Brand lebih mementingkan apa yang terjadi di lapangan daripada siapa yang duduk di tribun di belakangnya.
Ketika jam berbunyi dan dia melihat sebuah umpan keluar dari batas, dia meletakkan tangan di kepalanya karena tidak percaya dan kemudian dengan cepat memberikan semangat.
Sinyal tambahan waktu enam menit disambut dengan keluhan yang dapat diprediksi dari kontingen Cambridge, tetapi mereka tidak perlu khawatir. Chelsea gagal menguji Finch lagi dan perayaan kandang pun dimulai.
Sejarah ditulis dalam Amber! 😍 #CamUTD | @cufcacademy1 pic.twitter.com/VTGWDylzqO
— Cambridge United FC 🇮🇩 (@CambridgeUtdFC) 26 Januari 2023
Bryant pulang ke rumah dengan senyum lebar dan puas di wajahnya dan seorang pramugara veteran terdengar berkata: “Ini adalah tim akademi Cambridge United terbaik yang pernah saya lihat selama bertahun-tahun menonton mereka.”

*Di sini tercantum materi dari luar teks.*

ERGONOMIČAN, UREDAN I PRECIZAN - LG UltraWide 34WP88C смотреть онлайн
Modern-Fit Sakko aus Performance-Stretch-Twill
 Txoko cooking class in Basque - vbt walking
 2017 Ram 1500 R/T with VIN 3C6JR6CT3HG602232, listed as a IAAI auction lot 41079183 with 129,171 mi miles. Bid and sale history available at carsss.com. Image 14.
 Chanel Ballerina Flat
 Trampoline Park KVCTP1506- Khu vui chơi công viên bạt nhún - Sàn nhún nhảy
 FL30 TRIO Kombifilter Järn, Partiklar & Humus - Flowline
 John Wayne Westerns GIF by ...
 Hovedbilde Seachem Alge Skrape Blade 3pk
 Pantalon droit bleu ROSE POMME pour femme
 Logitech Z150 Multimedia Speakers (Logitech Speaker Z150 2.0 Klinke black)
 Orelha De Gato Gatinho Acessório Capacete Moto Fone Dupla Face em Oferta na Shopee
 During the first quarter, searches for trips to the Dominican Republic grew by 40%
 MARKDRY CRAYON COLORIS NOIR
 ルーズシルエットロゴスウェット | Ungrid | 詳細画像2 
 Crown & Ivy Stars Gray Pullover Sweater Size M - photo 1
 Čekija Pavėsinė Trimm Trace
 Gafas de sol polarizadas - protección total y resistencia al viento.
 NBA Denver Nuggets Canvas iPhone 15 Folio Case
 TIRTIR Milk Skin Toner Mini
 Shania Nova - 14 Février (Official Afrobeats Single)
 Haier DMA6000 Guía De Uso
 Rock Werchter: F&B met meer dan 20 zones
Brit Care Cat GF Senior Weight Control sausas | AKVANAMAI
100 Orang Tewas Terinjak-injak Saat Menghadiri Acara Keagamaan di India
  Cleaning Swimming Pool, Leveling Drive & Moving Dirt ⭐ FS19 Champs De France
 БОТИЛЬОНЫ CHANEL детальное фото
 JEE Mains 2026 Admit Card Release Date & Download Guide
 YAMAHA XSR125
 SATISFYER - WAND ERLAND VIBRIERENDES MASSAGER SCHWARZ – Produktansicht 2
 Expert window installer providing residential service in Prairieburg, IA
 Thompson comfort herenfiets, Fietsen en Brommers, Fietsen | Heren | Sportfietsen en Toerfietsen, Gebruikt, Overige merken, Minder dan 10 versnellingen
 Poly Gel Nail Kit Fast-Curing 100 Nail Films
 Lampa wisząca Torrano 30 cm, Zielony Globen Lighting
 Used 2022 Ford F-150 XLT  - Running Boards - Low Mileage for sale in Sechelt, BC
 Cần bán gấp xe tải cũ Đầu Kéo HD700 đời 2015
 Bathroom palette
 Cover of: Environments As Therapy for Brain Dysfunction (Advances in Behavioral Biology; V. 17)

Sementara bagi Chelsea, mereka masih punya harapan agar tim U-21 bisa membawa trofi dengan tetap memuncaki Premier League 2. Namun mereka sekarang harus bergulat dengan kenyataan bahwa partisipasi mereka dalam tiga kompetisi piala domestik paling dihormati telah berakhir sebelum jendela transfer Januari ditutup.
Sekarang diserahkan kepada tim Emma Hayes untuk mencapai kesuksesan di tim senior — mereka berada di urutan kedua di Liga Super Wanita karena mereka berupaya memenangkan gelar untuk musim keempat berturut-turut, dan masih berada di tiga kompetisi piala, kandang dan tandang.
(Foto teratas: Clive Howes – Chelsea FC/Chelsea FC melalui Getty Images)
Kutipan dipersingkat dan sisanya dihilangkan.